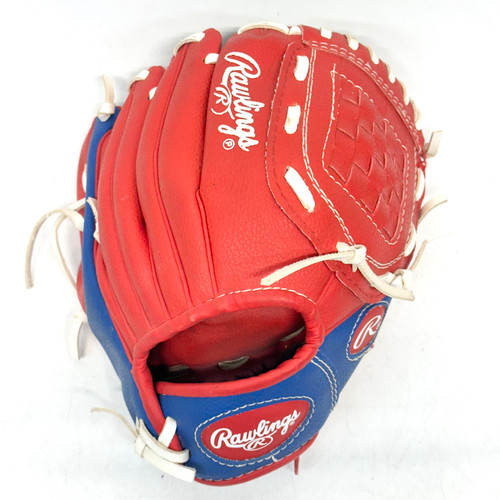 Vist Large View of Product Image Which is Used Rawlings PLAYERS SERIES BB/SB Glove T-ball Red 9"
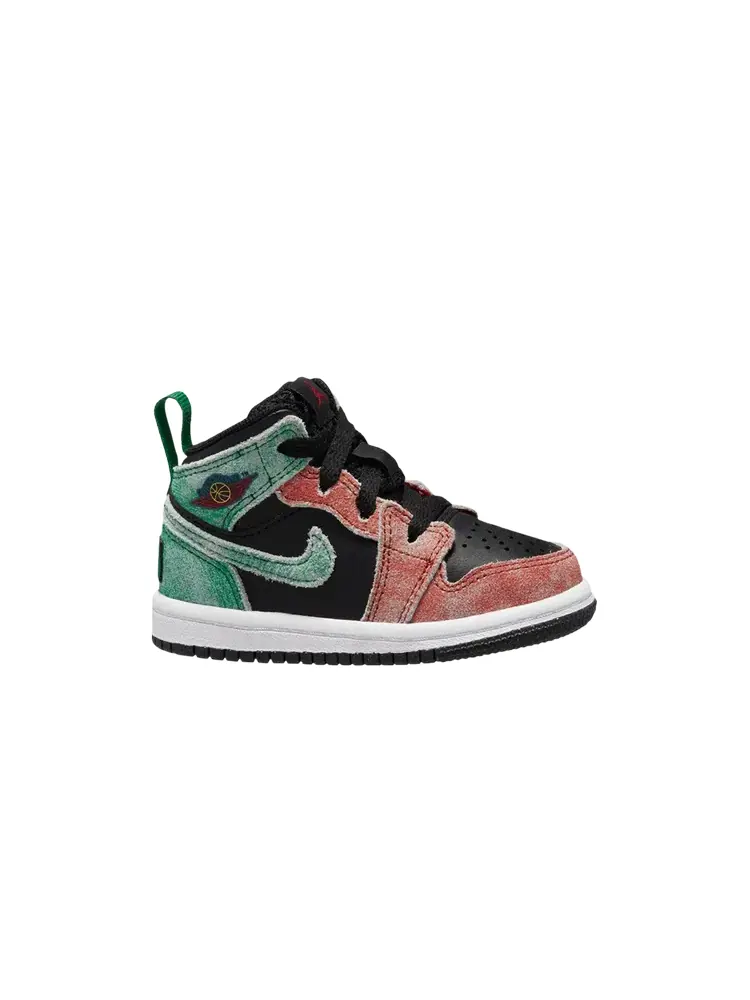Кроссовки Air Jordan 1 Mid SE TD — изображение 1 из 1, черный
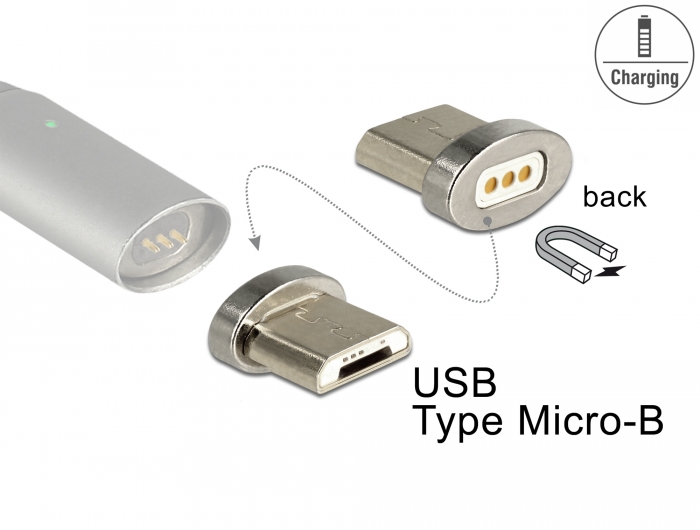Delock Magnetischer Adapter USB Typ Micro-B Stecker #1 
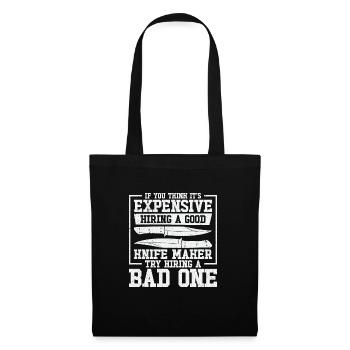 Knifemaking Knife Making Bladesmith Smithing Knife - Tote Bag - black - Front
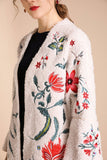 Floriated Embroidery Luxurious Cardigan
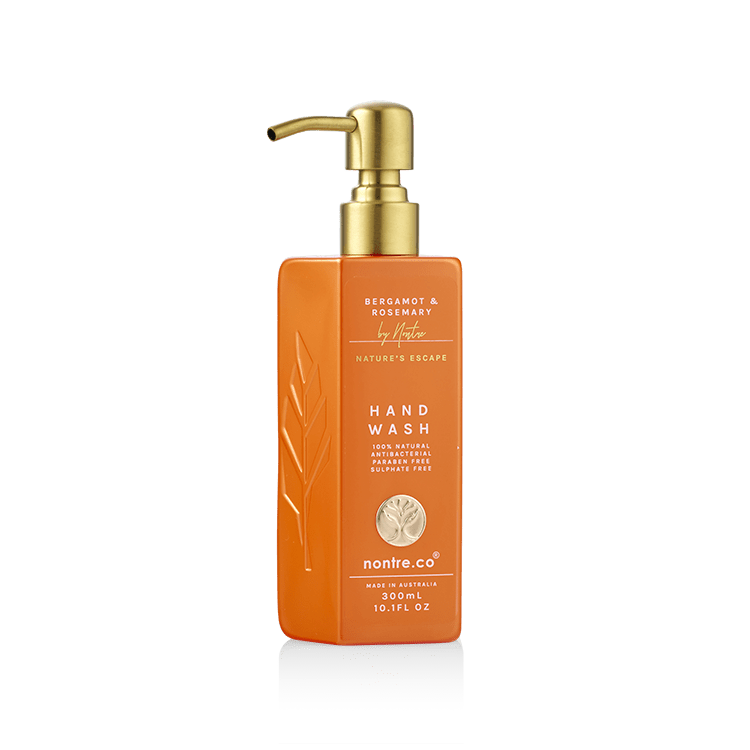 Natural Hand Wash 300ML, Bergamot & Rosemary
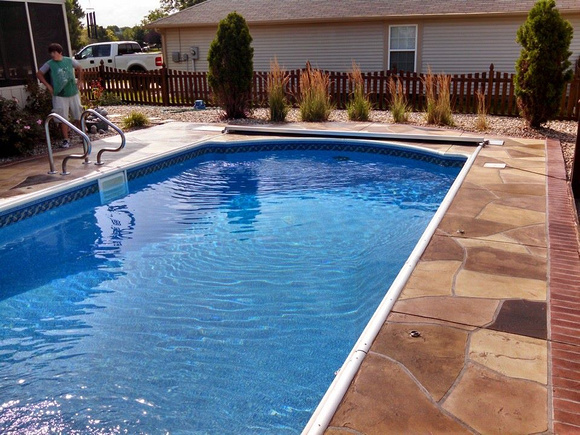 Pool flagstone by Focal Point Finishes @focalpointfinishes - 6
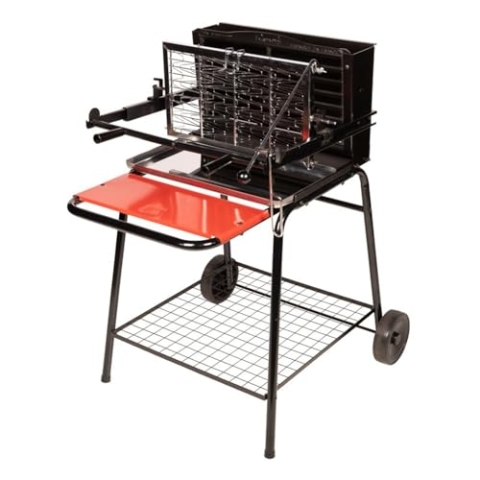 Somagic JBQ1305006 Holzkohlegrill, vertikal, Umdrehung, Gitter, Grau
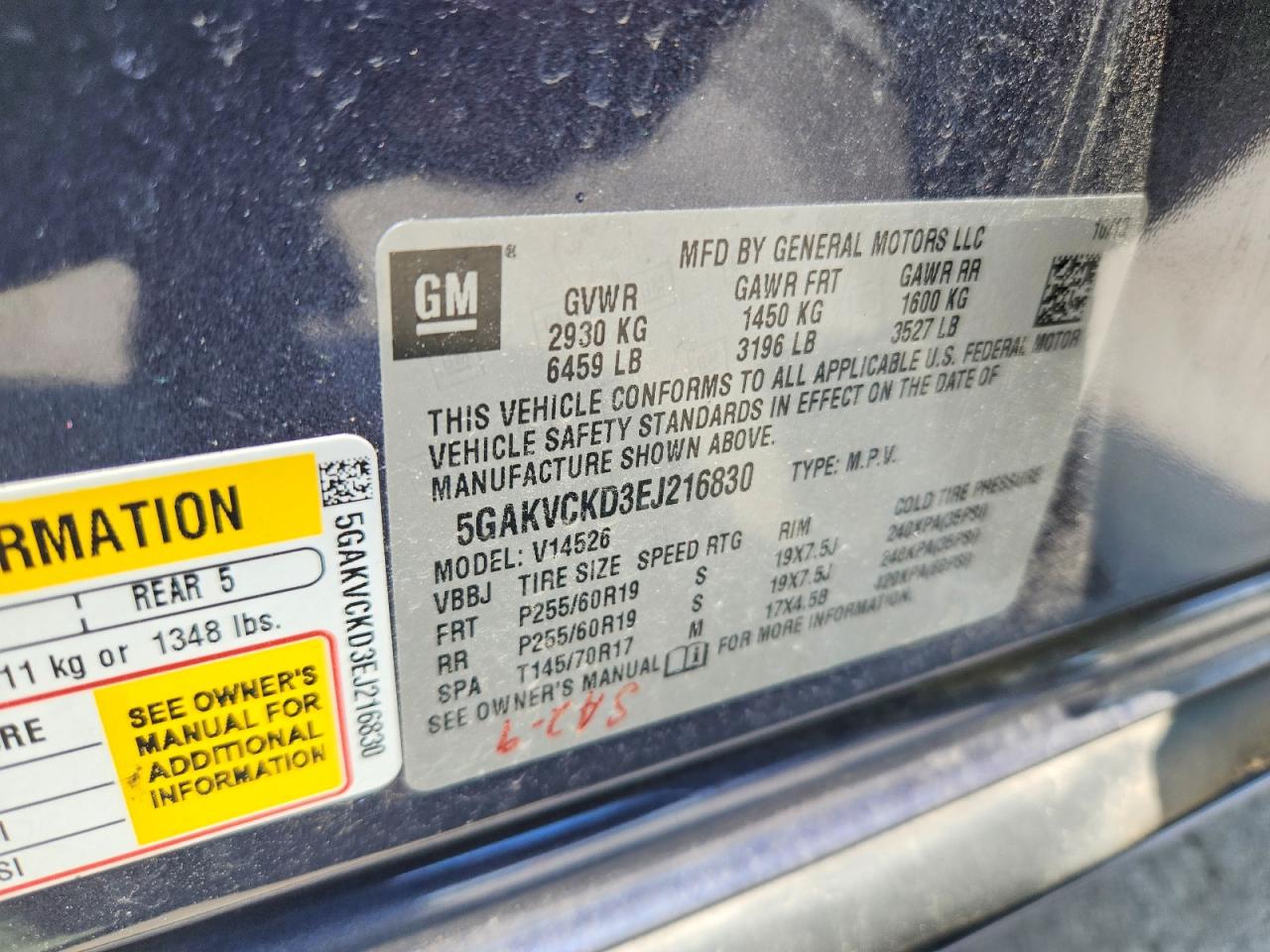 2014 Buick Enclave Gray vin: 5GAKVCKD3EJ216830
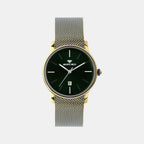Women Quartz Green Dial Analog Mesh Watch L1052E-B101014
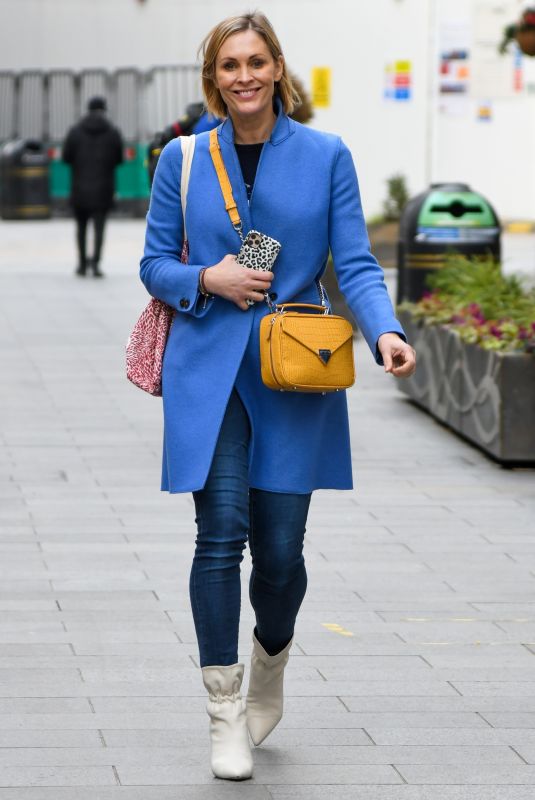 JENNI FALCONER Leaves Smooth FM in London 02/04/2021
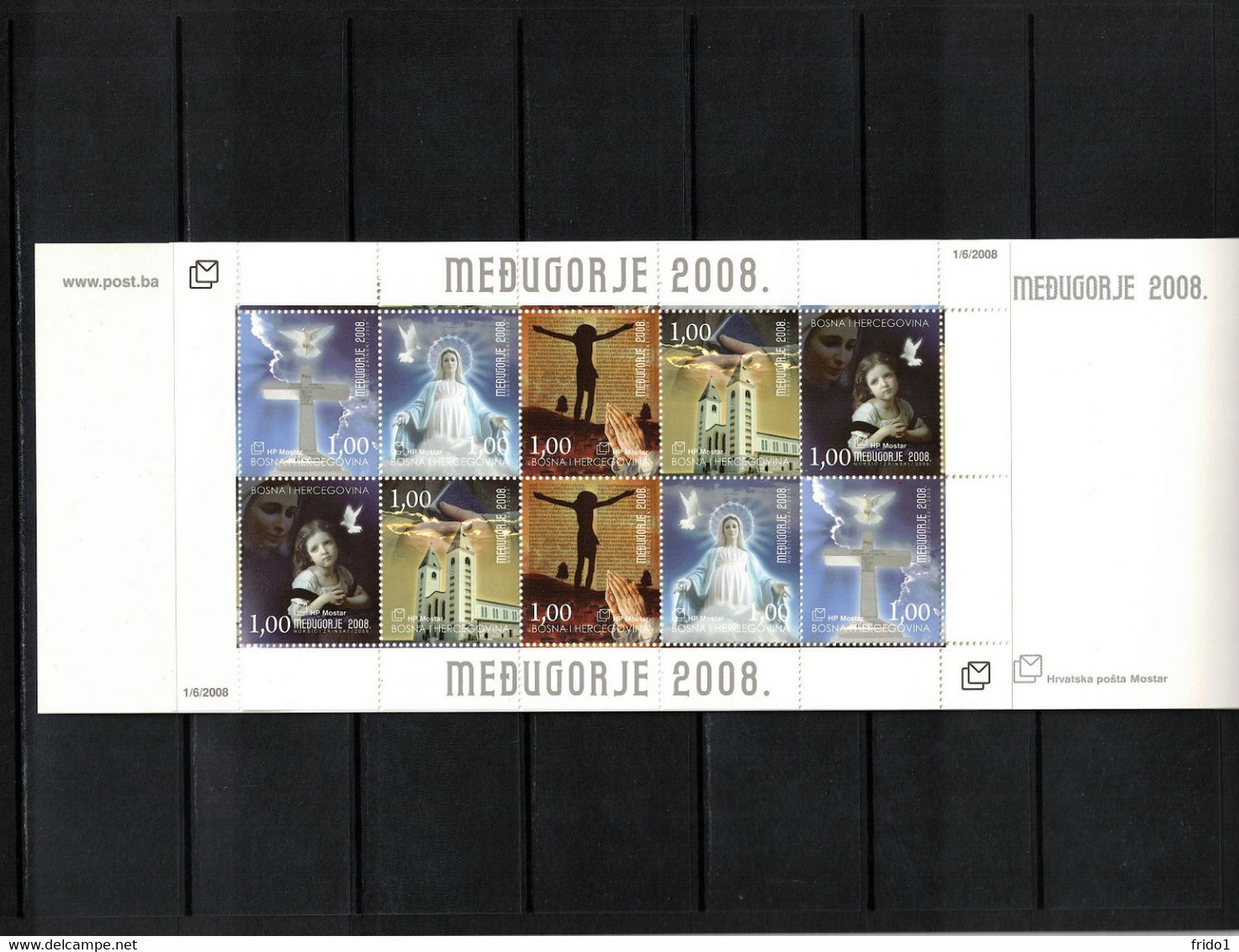 Bosnia And Herzegowina Mostar 2008 Religion Medjugorje Booklet Postfrisch / MNH - Christentum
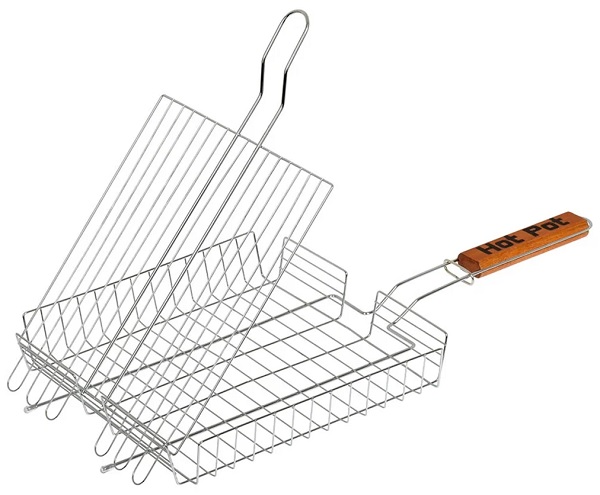 Решетка-гриль 50x25x25x4 cм, Hot Pot 61338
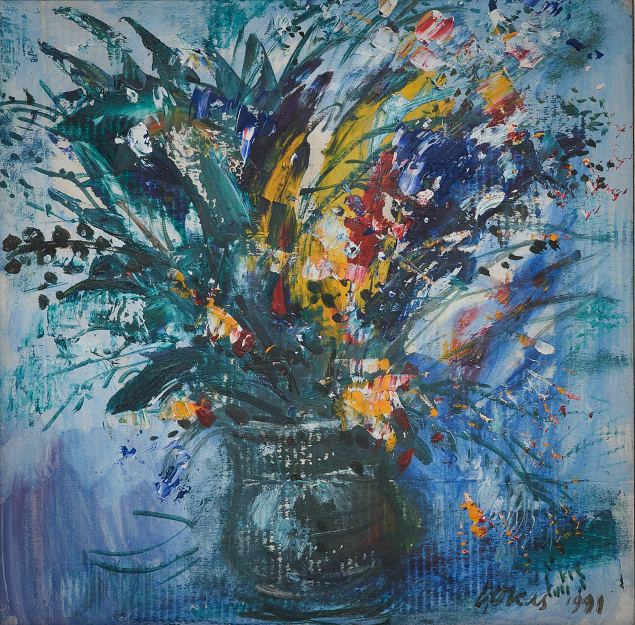 32. Lilled. Helsingi, Evald Okas E-kunstisalongis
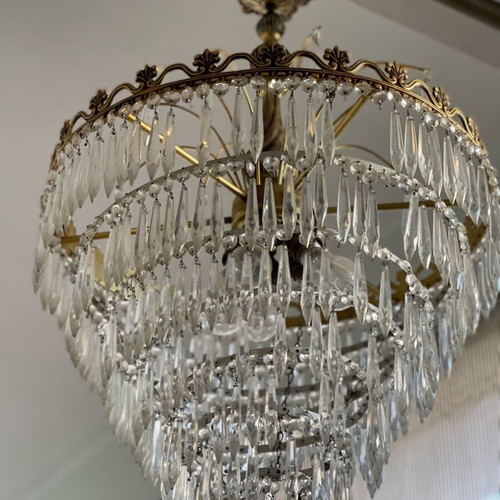 Vintage large chandelier used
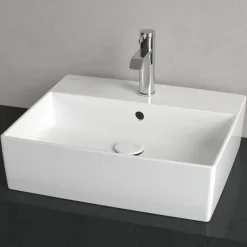 Aufsatzwaschbecken eckig 'Memento 2.0' weiß 50 x 14 x 42 cm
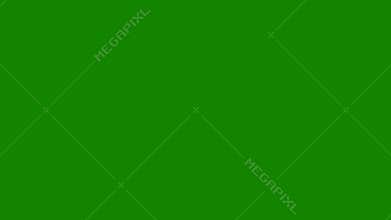 happy new year 2025 neon light effect green screen background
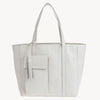 PARISIEN medium tote bag - Grained leather with front pocket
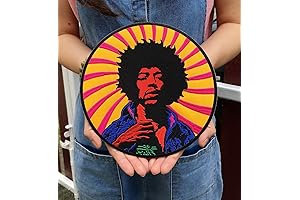 Embroidered Jimi Hendrix Rock Band Inspired Patch (Approx: 28cm)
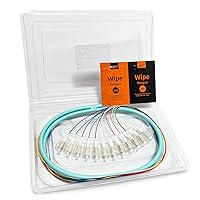 Vista 17 de 1.5m (5ft) LC UPC 12 fibras OS2 monomodo manojo fibra óptica coleta, SingleMode 9/125 LC-UPC fibra Pigtail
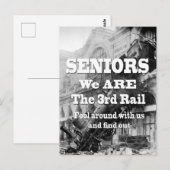 Senioren Wij zijn de derde rail Briefkaart (Voorkant / Achterkant)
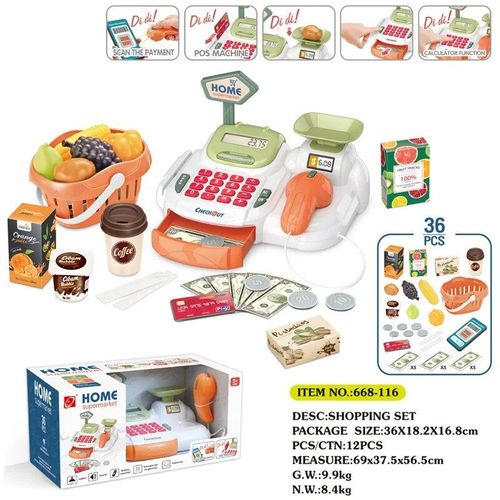 Simulation De Caisse Enregistreuse De Luxe Pour Enfants, Jouet De Simulation De Supermarch, Maison De Jeu, Cadeau D'achat Gt, Nouveau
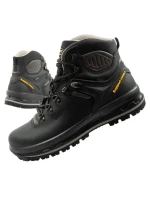 model 21479888 Nero pánské trekové boty kožené nepromokavé kotníkové boty - Grisport
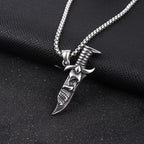 Men's Necklace Stainless Steel Skull Pendant Vintage hip-hop Jewelry Silver Color Male Neck Chain Punk Jewelry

*Exercise objective:* Please transcribe exactly the lines from the one that contains "Vista 17 de" through the closing line of the entries, with no pictures.

*Task response:*
 Vista 17 de 1.5m (5ft) LC UPC 12 fibras OS2 monomodo manojo fibra óptica coleta, SingleMode 9/125 LC-UPC fibra Pigtail
 Senioren Wij zijn de derde rail Briefkaart (Voorkant / Achterkant)
 Simulation De Caisse Enregistreuse De Luxe Pour Enfants, Jouet De Simulation De Supermarch, Maison De Jeu, Cadeau D'achat Gt, Nouveau
 model 21479888 Nero pánské trekové boty kožené nepromokavé kotníkové boty - Grisport
 Men's Necklace Stainless Steel Skull Pendant Vintage hip-hop Jewelry Silver Color Male Neck Chain Punk Jewelry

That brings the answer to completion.